▶ **YOUR GOAL**: Look below for the line that has "Welcome to the". Set down the lines from there through the line that has "The Aerobics Room", exactly as written.

Stored data entries
..........

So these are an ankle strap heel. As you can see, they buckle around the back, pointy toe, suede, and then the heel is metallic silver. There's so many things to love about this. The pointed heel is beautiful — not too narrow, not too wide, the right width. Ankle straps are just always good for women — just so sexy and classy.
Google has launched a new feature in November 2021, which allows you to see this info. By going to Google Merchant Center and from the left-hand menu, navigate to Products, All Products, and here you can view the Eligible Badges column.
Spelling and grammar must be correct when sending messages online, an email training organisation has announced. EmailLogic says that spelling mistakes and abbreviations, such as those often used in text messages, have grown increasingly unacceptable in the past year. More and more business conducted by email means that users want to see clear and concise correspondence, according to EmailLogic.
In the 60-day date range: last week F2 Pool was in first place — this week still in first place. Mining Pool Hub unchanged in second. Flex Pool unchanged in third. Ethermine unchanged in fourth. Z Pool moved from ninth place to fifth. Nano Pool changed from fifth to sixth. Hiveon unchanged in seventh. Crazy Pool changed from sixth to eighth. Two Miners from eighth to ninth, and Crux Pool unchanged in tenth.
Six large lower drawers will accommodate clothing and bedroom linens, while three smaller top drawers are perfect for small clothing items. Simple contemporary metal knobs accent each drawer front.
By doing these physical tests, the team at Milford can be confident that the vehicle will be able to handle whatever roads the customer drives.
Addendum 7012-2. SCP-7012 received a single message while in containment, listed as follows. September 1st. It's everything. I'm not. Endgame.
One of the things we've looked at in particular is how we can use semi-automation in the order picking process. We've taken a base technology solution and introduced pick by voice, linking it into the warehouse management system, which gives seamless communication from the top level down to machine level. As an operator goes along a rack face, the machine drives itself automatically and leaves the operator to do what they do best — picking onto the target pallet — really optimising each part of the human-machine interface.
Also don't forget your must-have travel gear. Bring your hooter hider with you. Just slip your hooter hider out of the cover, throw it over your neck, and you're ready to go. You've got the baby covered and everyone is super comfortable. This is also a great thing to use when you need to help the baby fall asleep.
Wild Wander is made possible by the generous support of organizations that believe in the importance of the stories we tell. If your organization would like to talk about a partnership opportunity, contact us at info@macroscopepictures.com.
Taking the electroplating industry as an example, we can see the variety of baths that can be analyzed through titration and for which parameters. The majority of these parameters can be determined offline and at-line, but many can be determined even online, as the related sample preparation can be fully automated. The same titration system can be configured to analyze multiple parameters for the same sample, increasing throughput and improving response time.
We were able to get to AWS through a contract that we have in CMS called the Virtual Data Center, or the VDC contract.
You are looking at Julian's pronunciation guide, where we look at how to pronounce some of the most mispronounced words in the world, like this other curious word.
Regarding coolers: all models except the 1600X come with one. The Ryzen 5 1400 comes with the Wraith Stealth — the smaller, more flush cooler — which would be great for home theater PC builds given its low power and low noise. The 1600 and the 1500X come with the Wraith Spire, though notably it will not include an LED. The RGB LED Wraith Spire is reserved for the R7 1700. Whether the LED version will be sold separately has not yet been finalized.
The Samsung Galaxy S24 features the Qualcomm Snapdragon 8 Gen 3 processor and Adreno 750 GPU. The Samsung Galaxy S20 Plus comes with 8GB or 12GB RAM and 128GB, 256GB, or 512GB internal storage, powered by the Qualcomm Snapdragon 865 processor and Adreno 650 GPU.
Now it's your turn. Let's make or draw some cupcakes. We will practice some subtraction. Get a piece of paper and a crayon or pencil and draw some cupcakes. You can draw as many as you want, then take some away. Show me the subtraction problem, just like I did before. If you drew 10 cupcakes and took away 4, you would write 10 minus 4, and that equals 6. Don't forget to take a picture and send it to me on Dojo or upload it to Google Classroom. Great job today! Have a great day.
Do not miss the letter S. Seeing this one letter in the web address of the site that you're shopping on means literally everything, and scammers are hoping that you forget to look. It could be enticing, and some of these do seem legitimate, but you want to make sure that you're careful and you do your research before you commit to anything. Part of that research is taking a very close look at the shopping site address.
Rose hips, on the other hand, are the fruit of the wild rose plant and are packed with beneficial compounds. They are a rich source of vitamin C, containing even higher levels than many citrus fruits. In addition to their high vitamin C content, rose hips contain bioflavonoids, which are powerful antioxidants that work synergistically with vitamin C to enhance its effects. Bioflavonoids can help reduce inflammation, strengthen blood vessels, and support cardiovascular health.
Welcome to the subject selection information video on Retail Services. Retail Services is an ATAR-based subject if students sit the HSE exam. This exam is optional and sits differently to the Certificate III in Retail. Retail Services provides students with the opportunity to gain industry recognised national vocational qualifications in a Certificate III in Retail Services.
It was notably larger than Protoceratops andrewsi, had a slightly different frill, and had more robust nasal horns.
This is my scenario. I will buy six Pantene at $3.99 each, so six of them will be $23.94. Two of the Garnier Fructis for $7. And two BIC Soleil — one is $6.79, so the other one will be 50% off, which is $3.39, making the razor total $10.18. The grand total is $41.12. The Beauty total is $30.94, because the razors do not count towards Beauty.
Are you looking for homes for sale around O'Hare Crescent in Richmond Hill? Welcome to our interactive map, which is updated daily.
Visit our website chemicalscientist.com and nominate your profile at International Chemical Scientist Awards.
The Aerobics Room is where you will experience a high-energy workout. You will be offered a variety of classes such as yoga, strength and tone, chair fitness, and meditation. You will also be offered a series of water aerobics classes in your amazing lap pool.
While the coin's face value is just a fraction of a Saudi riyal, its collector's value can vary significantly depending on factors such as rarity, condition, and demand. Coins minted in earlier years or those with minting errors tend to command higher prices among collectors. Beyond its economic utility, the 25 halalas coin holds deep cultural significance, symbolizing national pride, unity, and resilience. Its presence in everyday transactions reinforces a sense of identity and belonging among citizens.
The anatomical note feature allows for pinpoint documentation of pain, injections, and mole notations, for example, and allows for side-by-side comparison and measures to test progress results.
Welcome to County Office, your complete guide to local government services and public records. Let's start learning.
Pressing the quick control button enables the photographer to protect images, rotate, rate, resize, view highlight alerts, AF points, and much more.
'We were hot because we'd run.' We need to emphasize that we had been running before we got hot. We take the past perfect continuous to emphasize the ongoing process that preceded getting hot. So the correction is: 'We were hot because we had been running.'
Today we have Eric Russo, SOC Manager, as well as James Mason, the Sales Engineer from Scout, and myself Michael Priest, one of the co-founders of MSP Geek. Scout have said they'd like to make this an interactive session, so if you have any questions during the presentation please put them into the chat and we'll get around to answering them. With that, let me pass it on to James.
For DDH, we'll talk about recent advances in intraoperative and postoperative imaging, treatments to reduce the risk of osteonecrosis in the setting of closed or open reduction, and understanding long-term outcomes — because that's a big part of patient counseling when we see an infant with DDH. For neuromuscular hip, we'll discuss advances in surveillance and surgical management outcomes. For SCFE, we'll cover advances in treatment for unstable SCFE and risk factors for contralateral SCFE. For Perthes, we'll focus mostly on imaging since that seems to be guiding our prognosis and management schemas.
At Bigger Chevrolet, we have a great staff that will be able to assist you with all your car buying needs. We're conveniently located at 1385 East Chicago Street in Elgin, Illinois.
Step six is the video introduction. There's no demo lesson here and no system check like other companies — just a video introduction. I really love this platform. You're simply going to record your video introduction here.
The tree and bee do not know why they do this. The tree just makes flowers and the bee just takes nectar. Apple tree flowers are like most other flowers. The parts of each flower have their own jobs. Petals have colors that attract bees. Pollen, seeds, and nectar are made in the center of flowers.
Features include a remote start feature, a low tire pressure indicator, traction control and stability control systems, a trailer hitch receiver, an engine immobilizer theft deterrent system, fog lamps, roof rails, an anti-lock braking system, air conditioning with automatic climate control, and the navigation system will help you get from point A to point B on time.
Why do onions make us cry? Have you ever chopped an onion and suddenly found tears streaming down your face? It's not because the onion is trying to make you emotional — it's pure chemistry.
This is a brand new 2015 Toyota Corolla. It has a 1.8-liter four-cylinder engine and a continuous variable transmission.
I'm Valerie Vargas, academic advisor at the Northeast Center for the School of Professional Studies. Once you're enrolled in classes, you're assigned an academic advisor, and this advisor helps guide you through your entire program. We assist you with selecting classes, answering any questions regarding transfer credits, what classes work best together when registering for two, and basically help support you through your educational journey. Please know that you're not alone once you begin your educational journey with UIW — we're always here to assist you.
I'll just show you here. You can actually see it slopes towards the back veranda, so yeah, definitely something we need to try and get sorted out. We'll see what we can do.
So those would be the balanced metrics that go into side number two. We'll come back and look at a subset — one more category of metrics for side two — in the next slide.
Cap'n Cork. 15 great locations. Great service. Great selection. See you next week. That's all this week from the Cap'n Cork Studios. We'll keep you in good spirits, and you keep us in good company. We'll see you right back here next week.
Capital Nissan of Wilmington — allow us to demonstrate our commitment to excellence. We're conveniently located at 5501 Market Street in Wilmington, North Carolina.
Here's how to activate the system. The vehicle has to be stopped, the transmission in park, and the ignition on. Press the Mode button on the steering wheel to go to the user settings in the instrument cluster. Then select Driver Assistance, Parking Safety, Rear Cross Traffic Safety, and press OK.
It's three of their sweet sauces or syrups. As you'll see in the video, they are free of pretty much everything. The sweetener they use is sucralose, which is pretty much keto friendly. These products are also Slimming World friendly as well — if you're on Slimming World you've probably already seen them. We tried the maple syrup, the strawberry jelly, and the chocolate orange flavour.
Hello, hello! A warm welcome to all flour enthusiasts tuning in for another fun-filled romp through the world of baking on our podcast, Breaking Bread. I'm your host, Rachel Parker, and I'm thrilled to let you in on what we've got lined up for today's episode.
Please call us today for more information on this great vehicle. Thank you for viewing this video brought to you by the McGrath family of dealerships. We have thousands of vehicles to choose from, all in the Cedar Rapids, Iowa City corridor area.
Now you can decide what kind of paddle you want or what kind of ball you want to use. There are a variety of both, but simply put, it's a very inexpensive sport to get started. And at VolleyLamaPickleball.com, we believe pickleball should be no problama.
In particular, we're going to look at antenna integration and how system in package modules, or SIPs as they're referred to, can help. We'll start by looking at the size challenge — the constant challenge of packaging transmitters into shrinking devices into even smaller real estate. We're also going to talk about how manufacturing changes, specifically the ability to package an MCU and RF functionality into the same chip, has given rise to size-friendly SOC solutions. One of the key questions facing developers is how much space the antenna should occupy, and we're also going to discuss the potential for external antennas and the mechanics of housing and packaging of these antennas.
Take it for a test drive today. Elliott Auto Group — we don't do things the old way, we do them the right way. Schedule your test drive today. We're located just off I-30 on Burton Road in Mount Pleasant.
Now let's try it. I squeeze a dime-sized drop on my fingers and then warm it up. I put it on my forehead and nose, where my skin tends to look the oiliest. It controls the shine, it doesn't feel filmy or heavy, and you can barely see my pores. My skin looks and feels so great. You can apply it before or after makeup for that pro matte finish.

..........

▶ **SOLUTION**:
Welcome to the subject selection information video on Retail Services. Retail Services is an ATAR-based subject if students sit the HSE exam. This exam is optional and sits differently to the Certificate III in Retail. Retail Services provides students with the opportunity to gain industry recognised national vocational qualifications in a Certificate III in Retail Services.
It was notably larger than Protoceratops andrewsi, had a slightly different frill, and had more robust nasal horns.
This is my scenario. I will buy six Pantene at $3.99 each, so six of them will be $23.94. Two of the Garnier Fructis for $7. And two BIC Soleil — one is $6.79, so the other one will be 50% off, which is $3.39, making the razor total $10.18. The grand total is $41.12. The Beauty total is $30.94, because the razors do not count towards Beauty.
Are you looking for homes for sale around O'Hare Crescent in Richmond Hill? Welcome to our interactive map, which is updated daily.
Visit our website chemicalscientist.com and nominate your profile at International Chemical Scientist Awards.
The Aerobics Room is where you will experience a high-energy workout. You will be offered a variety of classes such as yoga, strength and tone, chair fitness, and meditation. You will also be offered a series of water aerobics classes in your amazing lap pool.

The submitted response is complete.